Plus I am a bit like the Ed, stingy. I'll change out my bikes only because they are knackered or beyond economic repair. Even then I will probably buy the latest version of the same model. Unless the latest model is a retrograde step.
26/11/2020 02:54:30 UTC
Ross said :-
...and I would think the price of petrol will rocket as well, as the demand drops. Didn't the early pioneer motorists buy their petrol from chemists shops...you may need to nip down to Boots for some Aspirin, toothpaste, and a couple of gallons of unleaded!
26/11/2020 03:20:53 UTC
Ross said :-
I forgot to mention, looking at the picture of your, ahem, 'classic' 125, if you're looking for topics to cover while not riding you could do one of 'hard core' motorcycle cleaning...you could call it something like "Polishing a Turd" (sorry, I'll get me coat)!
26/11/2020 03:26:05 UTC
Upt'North said :-
That naughty boy Ross has gone tooooo far this time Ed.
Ban him Ed, ban him.
Upt'North.
26/11/2020 04:21:04 UTC
Ren - The Ed¹ said :-
I'm sorry my reply has been a little while forthcoming. I needed to go to my "safe place" after reading Rod's suggestion.

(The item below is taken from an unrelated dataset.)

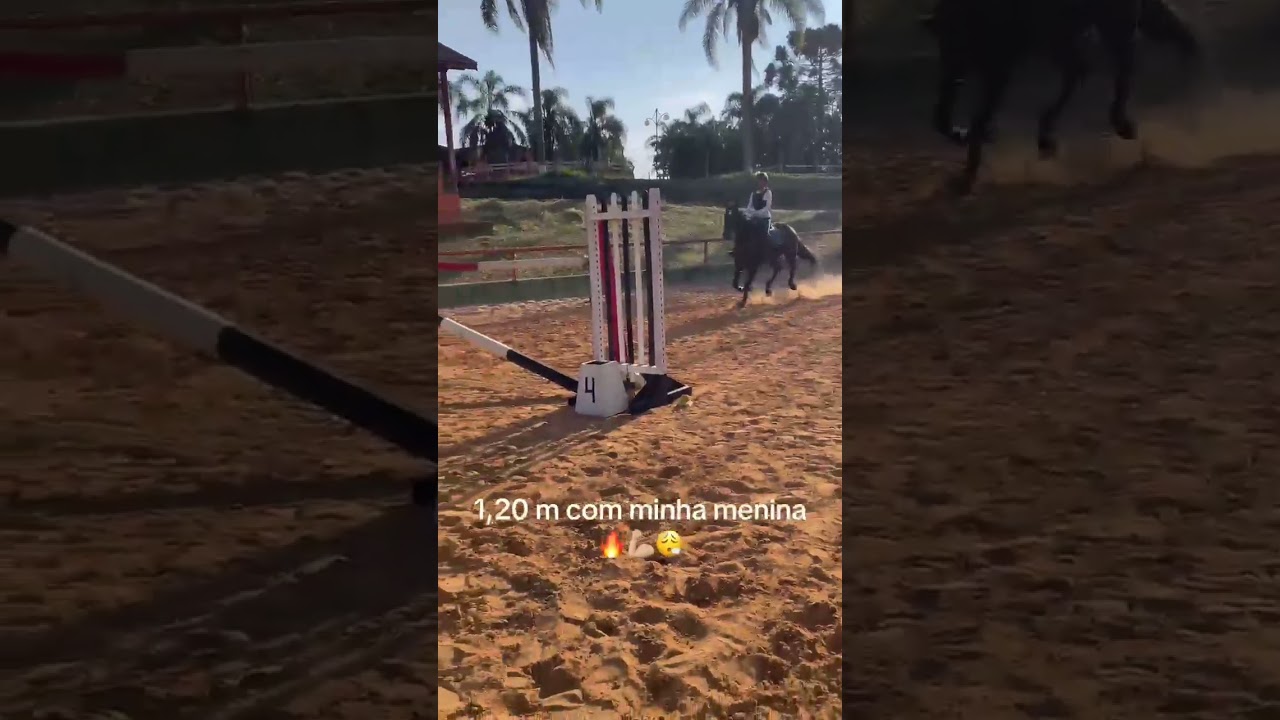 Ela voa 🐴🚀🪽🍀 #cavalos #equestrianjourney #equestrian #horse #hipismo #equestriangirl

Right, where was I? Ah, motorcycles, comments, rude people, right.

The first thing that will be a surprise is if the government can hit the 2030 deadline, considering not only recent events but the generally slow turning cogs of power. What I believe will help make this a possibility will be a discovery/invention that greatly improves either range, charge time or hopefully both. IF! If that happens then I could see adoption being quite rapid.

While the majority of commentators on this blog are my age or older I wonder a) if there are any younger readers and b) how the younger readers feel about this. Being younger and hopefully more open minded than us codgers I imagine the majority will embrace electric (or whatever arises) vehicles as we embraced that new fangled "internetwebthingy" when we were in our 20s (or 30s, or 40s). I'm sure there are young petrol heads who will mourn the passing of readily available fossil fuels, but they'll be a minority.

As for you Ross. Seeing as you are semi retired I'm sure you too must have some time on your hands. If you wish I will deliver the CBF125 to your door and leave it with you. YOU! You boy, you can take credit and create the "Polishing A Turd" post. I look forward to it with baited breath.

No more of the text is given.